Gibson’s stated aim is to grow sales of English top fruit by 20 per cent over the course of this season. And as red dessert apple sales were 100 per cent higher year-on-year, even prior to the burst of in-store activity, the portents were good.

They are even better now that the Jamie Oliver effect has kicked in and Union Jack festooned Sainsbury’s top-fruit shelves build on his undoubted pulling power.

TV ads are being supported in-store by plentiful displays of English Cox, Conference, which is 100 per cent up year-on-year and Gala, which is for the first time a 42-day import-free zone. Braeburn, once it comes fully on stream, will also have a 100 per cent English run.

“The only way to block English all together was to go 100 per cent on Gala and Conference and this is the first year we have had the volume available to achieve that for a prolonged spell,” says Gibson. “We had three 100 per cent English lines last year and that has doubled in 2005.”

Sainsbury’s is going to great lengths to ensure that this campaign is characterised by consistent in-store displays and product knowledge. Merchandising teams visited each of the 428 stores in the JS chain on September 28-29 to implement the English block planogram and to put up the supporting point-of-sale material. On the same days, in a new cross-merchandising initiative, Cox polybag dollies were placed in a display adjacent to an aisle end of Taste the Difference sausages, to encourage shoppers to Try Something New Today and cook the recipe being knocked up by Jamie Oliver in the latest TV ad. The polybags were also on display in secondary space, on a “Produce Top 4” aisle-end alongside polybags of English Conference pears, as part of a two for £2 offer.

The generic planogram was designed around an average Sainsbury’s store size, but produce managers were instructed to increase the shelf-space given to English top fruit where they had capacity. Individuals and teams have been made responsible and accountable for each aspect of the merchandising activity and after two and four weeks, every one of the stores will be revisited, compliance checked and any missing or damaged pos replaced.

The merchandising teams will offer support to store managers throughout the run. And the ‘six-week period’ should perhaps be prefixed with “at least”, because the situation will be re-assessed at the end of the predetermined time frame. Whatever the decision in mid-November, Gibson has committed to maintain a strong English presence, alongside imported fruit, until March next year.

“We’re seeing a revolution in the English apple industry,” says Gibson. “We have plenty of fruit and it is of extremely high quality, and added to that, in-store compliance has been very good.”

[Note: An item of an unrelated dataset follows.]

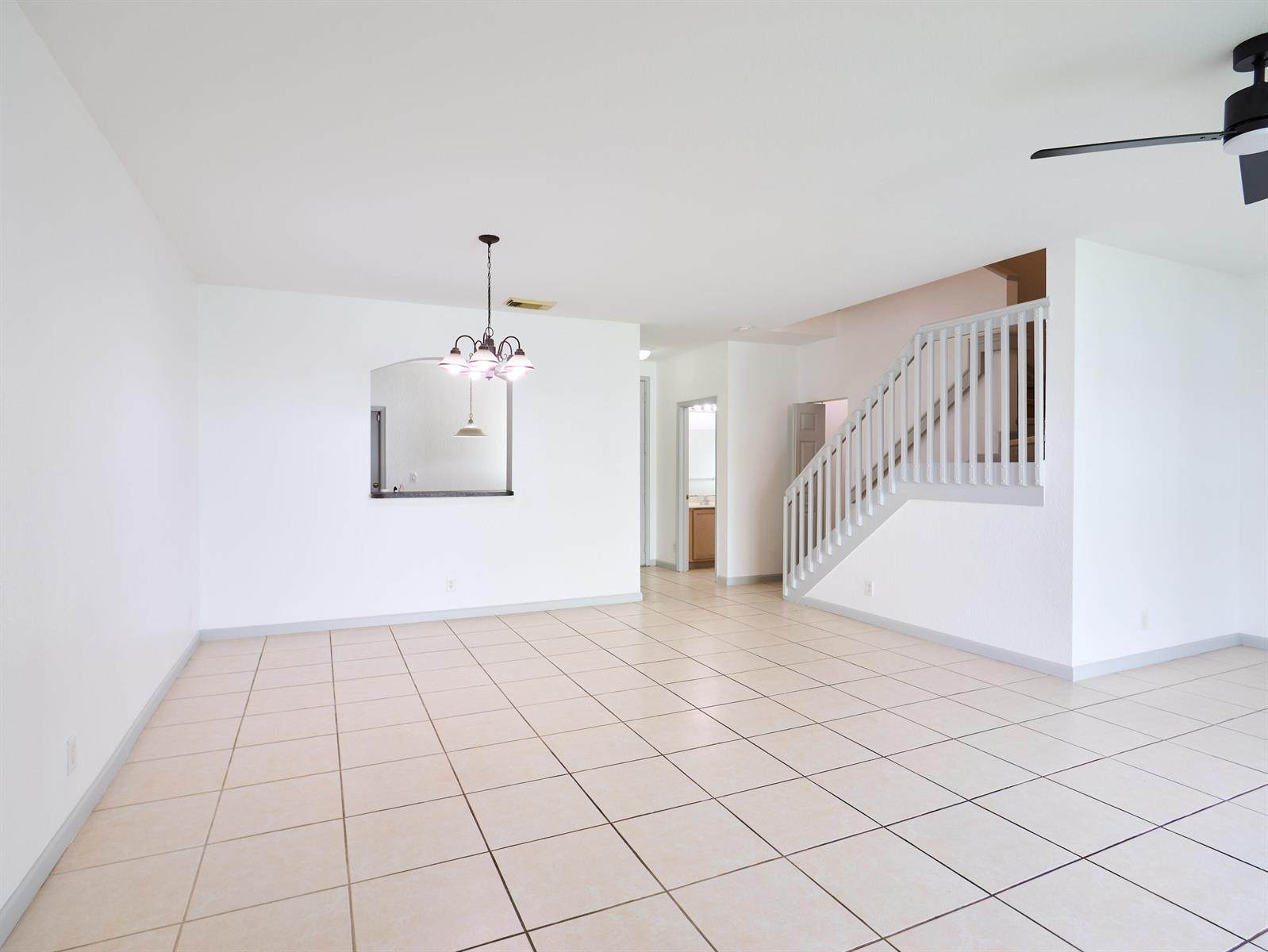 An empty room with light tile flooring, a dining chandelier, and a staircase with railings — 2052 Oakhurst Way, Riviera Beach FL 33404, RIVIERA BEACH, FL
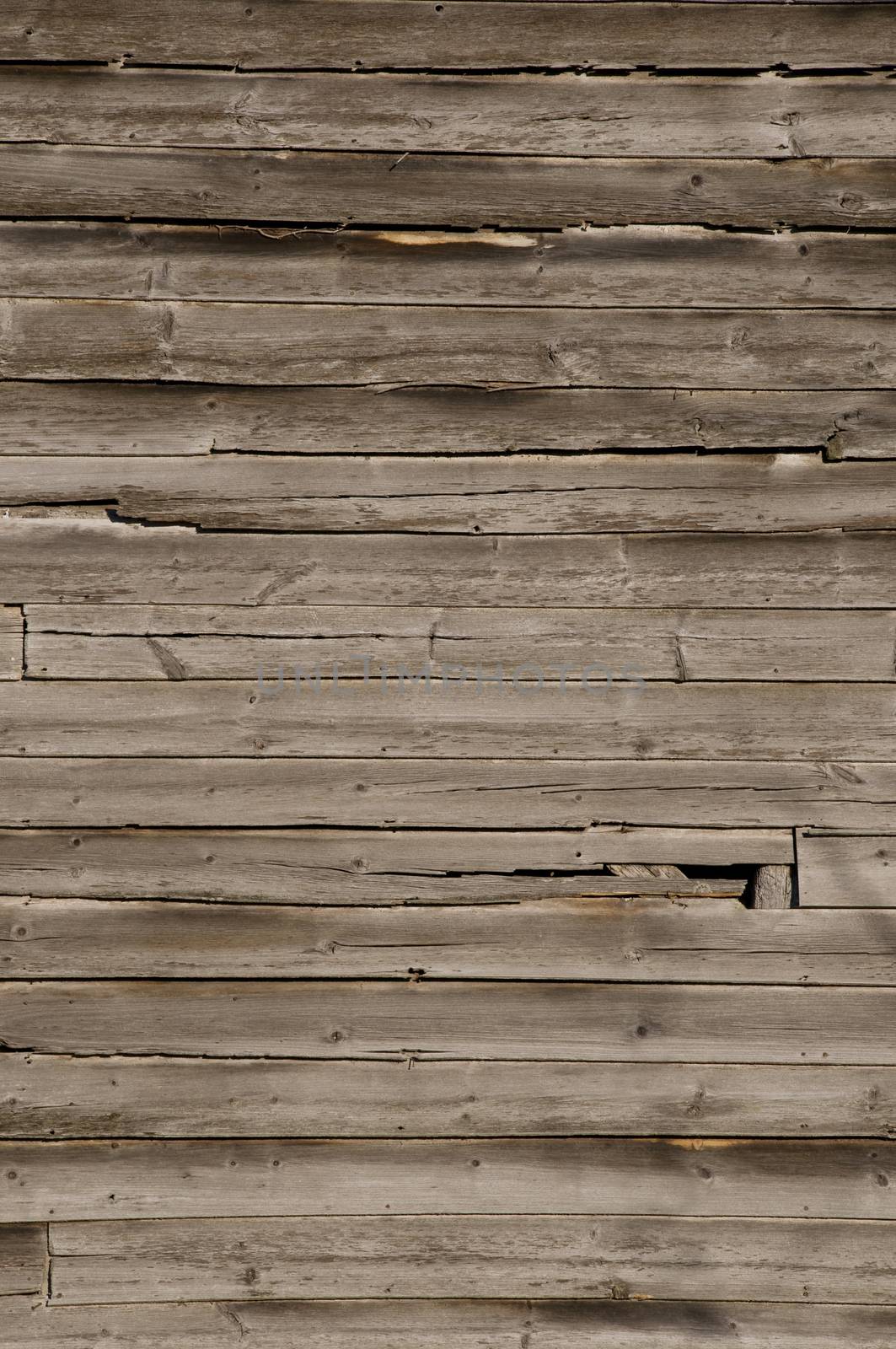 Weathered wooden wall with unpainted planks by Balefire9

Sainsbury’s has aimed a tongue-in-cheek “Non merci” at French apples, but the long-term goal involves growth of the whole category. “We feel that if we can get behind English at the beginning of the season, we can build some real momentum for the entire category. This helps every source, but we hope that customers who buy into the English range continue to buy English throughout the season,” adds Gibson.